I am reading "Lectures on Open Book Decompositions and Contact Structures" by Etnyre. In that paper Etnyre proves existence of open books on closed oriented 3-manifolds by using two lemma's of Alexander.
First lemma of Alexander states that for any closed oriented 3-manifold M, there exists a branched cover $P:M\longrightarrow S^3$ with a branched $L_M$ where $L_M$ is a link. The other one states that any link can be braided about unknot i.e. if U denotes the unknot, taking $S^3/U\cong S^1\times\mathbb{D}^2$, $L_M$ can be isotoped such that $L_M\subset S^1\times\mathbb{D}^2$ and $L_M$ is transverse to $\{p\}\times\mathbb{D}^2$ for each $p\in S^1$.
Now comes the open book I constructed.

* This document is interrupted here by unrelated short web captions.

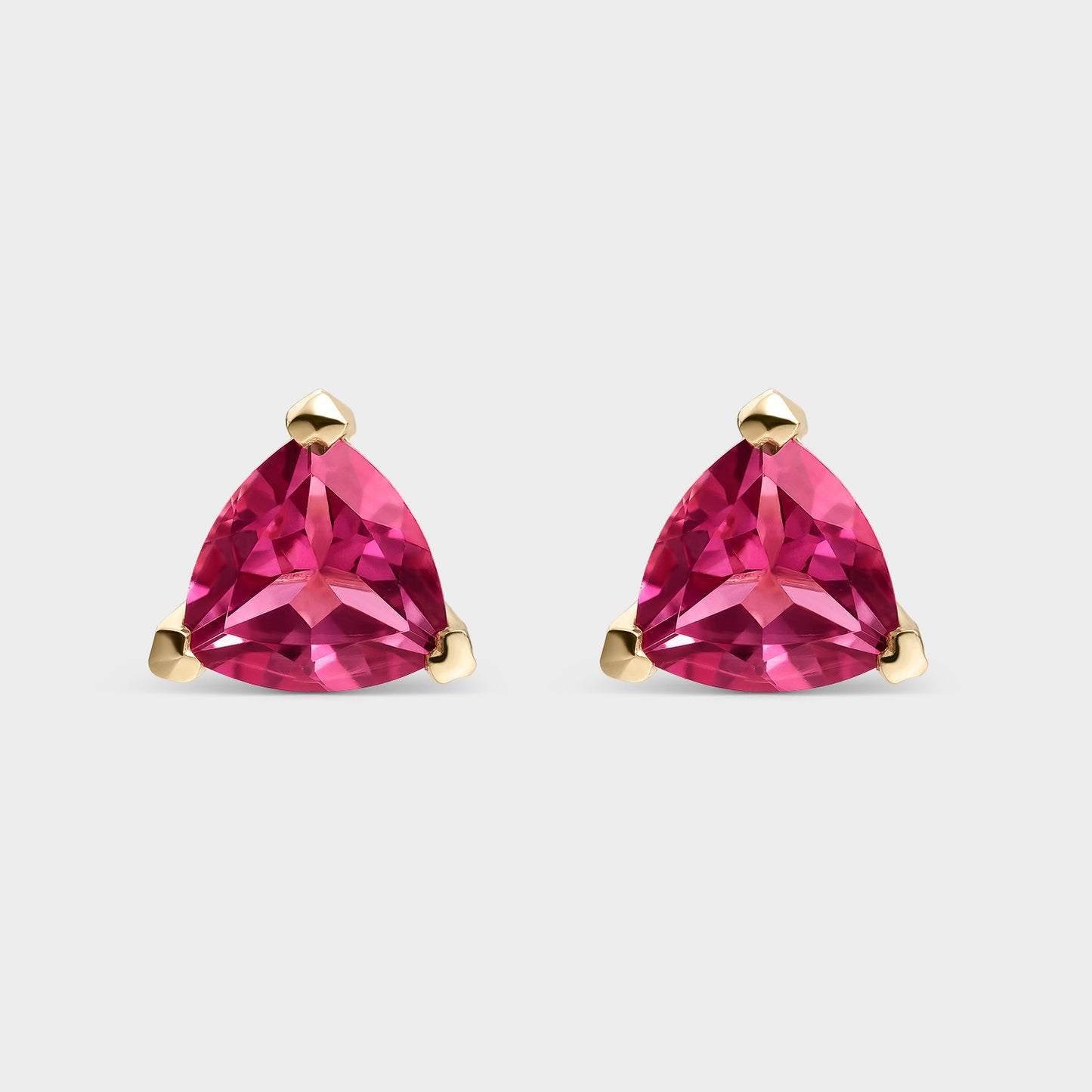 PENDIENTES ORO AMARILLO 18K TOPACIOS ROSAS TRILLÓN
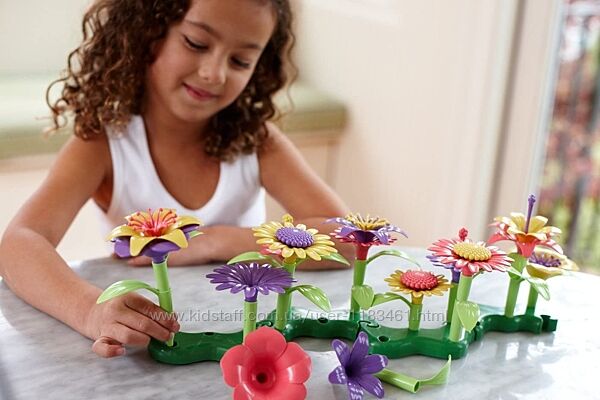 Эко Конструктор Собери букет Green Toys Build-a-Bouquet Floral оригинал сша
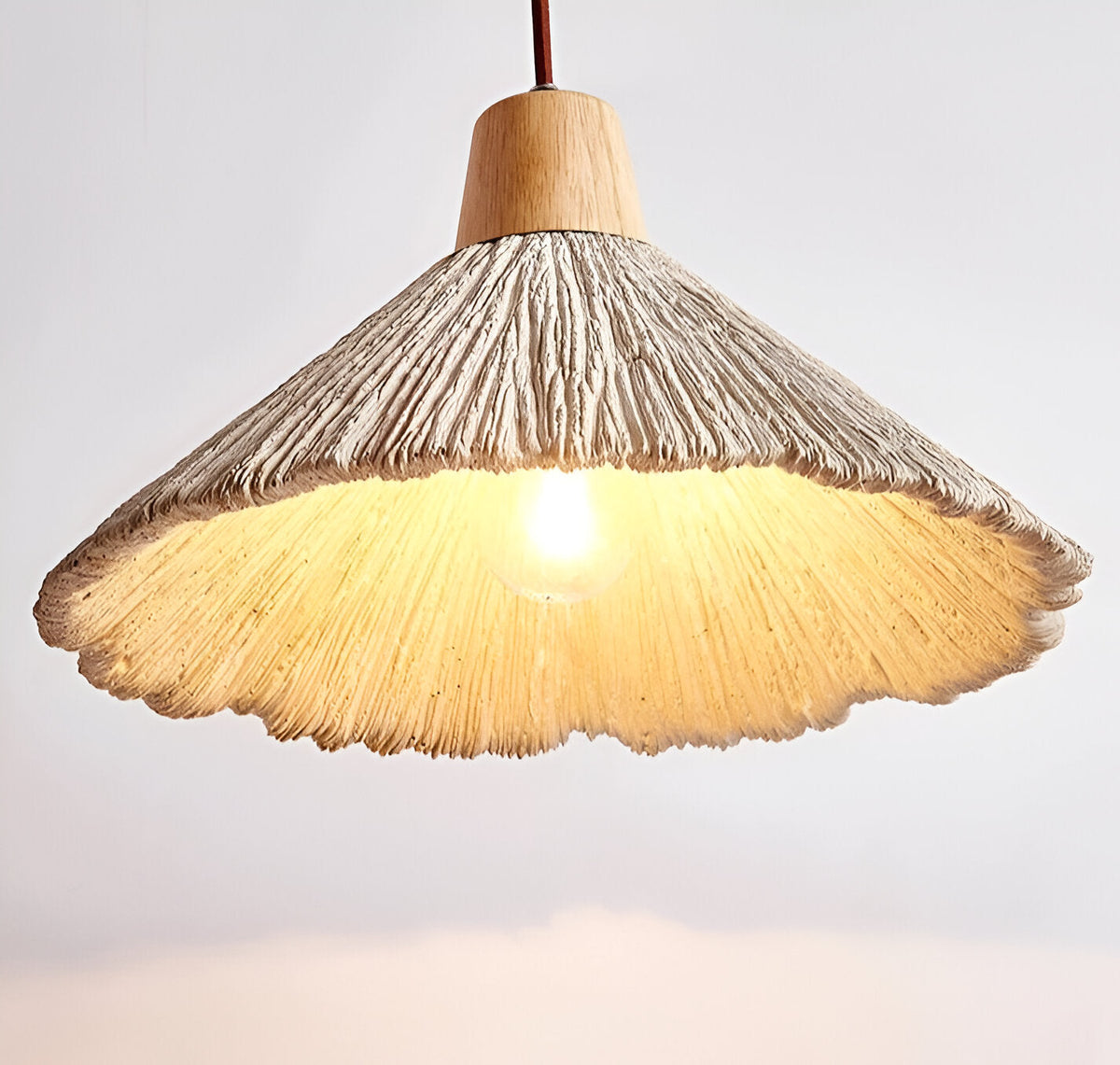 Crème-kleurige betonnen hanglamp 14 inch sculpturale keukeneiland pendellamp koepellamp bedraad moderne boerderij eetkamer plafondlamp | Thomler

Considering the notation given above set $B=P^{-1}(U)$. Since $P$ is a covering away from $L_M$ and U is a loop in $S^3$, by homotopy lifting, $B$ is a loop in M. Therefore one can construct an open book around B as a sequence of maps:
$\alpha_1:(B\times\mathbb{D}^2)/B\cong B\times(\mathbb{D}^2/\{0\})\longrightarrow (\mathbb{D}^2/\{0\})$ which is the projection and
$\alpha_2:\mathbb{D}^2/\{0\}\longrightarrow S^1 $ with $\alpha_2(z)=\frac{z}{|z|}$.
So we get B as the binding. But I do not understand what happens around $L_M$ living in $S^3/U$. Why do the fibers around $L_M$ have as B as the binding. Thank you for any help or suggestion.